# Ernie Adams



## Robert M Hughes (Oct 16, 2010)

Ernie,

Where are you ? Last seen in Kesh Co. Fermanagh then disappeared to the Panamian flag.
I had Kesh Electrics and farm at Clonelly.

Would be great to make contact. [email protected]

Bob


----------



## harry t. (Oct 25, 2008)

just read your post. regrettably ernie passed away some years back (about 1990 or thereabouts). he is survived by his wife. she has since sold the (the anchor inn) in kesh they had bought after he retired. regards harry t.


----------



## Robert M Hughes (Oct 16, 2010)

Harry, Many thanks for the information - Ernie and I were good friends - I had Kesh Electrics and a farm at Clonelly after returning from Jo'burg. Sold up and now in the Cotswolds. I've still got his info on going Panamanian flag ! Too late now.
Really appreciate your reply.
Best wishes,
Bob


----------



## bluemoon (Jul 19, 2009)

About 30 years ago my wife and I were in the area and decided to stop at the pub for lunch. I was admiring all the photographs of ships on the wall when Ernie came from behind the bar and introduced himself. It was only then that I realised I knew him from before that when he somehow got hold of my name and phone number and tried to persuade me to join Sanko Line.

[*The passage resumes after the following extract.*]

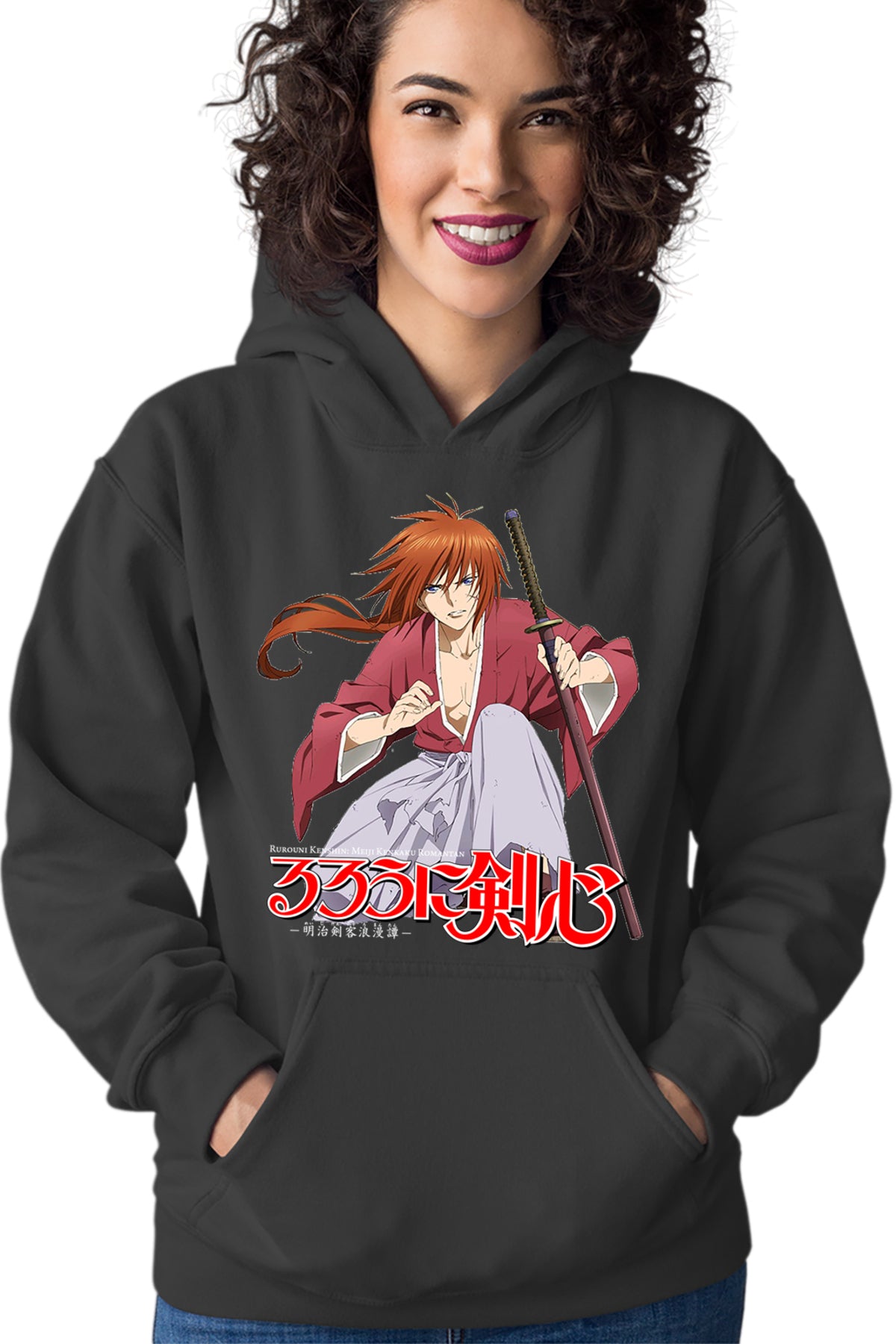 Hanorac dama Rurouni Kenshin Sword Sit Meiji Swordsman Romantic Story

Little did I know then that I would also get to know his brother very well some years later. I believe Fred also passed away a few years ago.


----------



## Robert M Hughes (Oct 16, 2010)

I think Ernie must have been on a finder's fee from Sanko !


----------



## bluemoon (Jul 19, 2009)

Ernie arranged for us to meet at a certain bar/hotel in Portrush. After much conversation and copious pints I very nearly agreed to join them, but then thought better of it and decided to stay with my then current employers Scottish Ship Management.


----------